Los seres humanos somos elitistas; nos consideramos la cúspide de la evolución y tenemos un elevado concepto de nosotros mismos, así que trazamos una frontera invisible y ponemos en un lado todo lo bueno; eso es la humanidad. Luego ponemos en el otro lado todo lo malo, y eso es la inhumanidad. Y una vez hecho eso, ya tenemos licencia los seres humanos para ser inhumanos. Permitidme que os explique esto con un ejemplo. Mucha gente (en USA, sin ir más lejos, la mayoría) cree que el asesinato debe ser castigado con la pena de muerte. Es decir: el mayor crimen que puede cometerse es matar a una persona, porque la vida humana es sagrada, y para castigar ese acto... se mata a otra persona. Si lo analizáis fríamente, ¿no os parece un razonamiento notablemente contradictorio? Pues bien, no lo es siempre y cuando te convenzas de que el asesino, por serlo, deja de pertenecer al género humano. Es decir, si lo malo es inhumano, y dado que un asesino es evidentemente malo, está claro que el asesino ya no pertenece a nuestra supuestamente bondadosa especie, de modo que se convierte automáticamente en un animal que puede ser sacrificado sin el menor problema de conciencia.

¿No os habéis preguntado alguna vez cómo es posible que tantos honrados y amables ciudadanos alemanes se convirtieran, durante la Segunda Guerra Mundial, en crueles guardianes de campos de concentración? Sencillo: bastó con convencerles de que los judíos no eran seres humanos, sino alimañas peligrosas para la auténtica humanidad (aria, por supuesto). Una vez que deshumanizas a tu víctima, ya puedes hacer con ella lo que quieras. Es muy difícil no sentir empatía por un niño, pero muy fácil no sentirla por una cría de rata.

Vale, me he pasado del tema tres pueblos, pero no olvidemos que los nazis, antes de dedicarse a gasear a los hijos de Israel, comenzaron quemando libros. Y, en el fondo, eso es lo que hacen, en función de su criterio estético, quienes deciden qué es y qué no es literatura: quemar libros. Metafóricamente, pero quemarlos.

Aunque, vamos a ver, en el fondo ¿qué importa esto? Estoy convencido de que las novelas de Dan Brown, Corín Tellado, Clive Cussler o Nora Roberts son malísimas, así que ¿qué más da si las consideramos o no literatura? Son pura mierda; finjamos que no existen. A fin de cuentas, amamos la literatura, ¿no es cierto? Para nosotros, es tan hermosa como un diamante; por tanto, lo mejor que podemos hacer es eliminar todas las impurezas para que esa piedra preciosa relumbre en todo su esplendor. ¿Qué tiene de malo eso?

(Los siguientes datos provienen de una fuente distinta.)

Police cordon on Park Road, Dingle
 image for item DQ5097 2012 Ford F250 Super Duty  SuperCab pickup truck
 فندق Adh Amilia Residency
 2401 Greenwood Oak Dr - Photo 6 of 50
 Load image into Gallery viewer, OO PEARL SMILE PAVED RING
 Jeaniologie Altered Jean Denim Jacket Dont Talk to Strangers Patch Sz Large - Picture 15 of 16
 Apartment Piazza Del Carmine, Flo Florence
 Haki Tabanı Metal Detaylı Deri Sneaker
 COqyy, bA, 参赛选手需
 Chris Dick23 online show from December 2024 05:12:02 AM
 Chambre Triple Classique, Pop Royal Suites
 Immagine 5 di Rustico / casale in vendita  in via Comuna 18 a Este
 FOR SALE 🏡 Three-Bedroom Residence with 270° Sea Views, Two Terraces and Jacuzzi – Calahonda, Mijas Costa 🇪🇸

Pues que no está tan claro. No existe ningún sistema infalible, único y universal para evaluar la calidad de un texto literario. En los extremos es evidente, por supuesto; estoy seguro de que los relatos de Borges o las novelas de Nabokov son exquisita literatura, igual que sé con certeza que los escritos de Mickey Spillane o Danielle Steel son infumables. Pero, ¿que ocurre en la zona central? ¿Qué pasa con autores como Somerset Maughan, Pío Baroja, Julio Verne, Robert Silverberg, Jim Thompson, P. G. Wodehouse, Stephen King o Conan Doyle? Sus escritos ¿son literatura o no? Alto, alto, no os apresuréis a responder; no he elegido esos ejemplos al azar, sino porque me consta que todos ellos han sido vilipendiados en algún momento por algún “ario literario”. De hecho, he visto arrojar a la basura de la “no literatura” géneros completos. Aún más: todos los géneros, sin excepción. Porque, a la hora de ser nazi, se puede ser muy, pero que muy nazi.

Y es que, lo repito, en esa zona central, en esa “clase media” literaria, las cosas no están ni medio claras. Según los criterios que se elijan, un mismo texto puede ser una obra maestra o una mediocridad. Y, lo más perturbador de todo, esos criterios varían. La prosa del mejor prosista actual sería considerada paupérrima por cualquier escritorzuelo del Siglo de Oro, y la prosa romántica, que durante tanto tiempo reinó en el siglo XIX, hoy se nos antoja insoportablemente afectada. Lo que antaño fue mera literatura popular sin importancia (El Quijote, sin ir más lejos), hoy es altísima literatura. Y es que hay muchas formas de juzgar un libro, muchos apriorismos que podemos aplicar o no; pero negarle a un texto, por malo que sea, su condición de literatura, es practicar, sencillamente, el nazismo literario.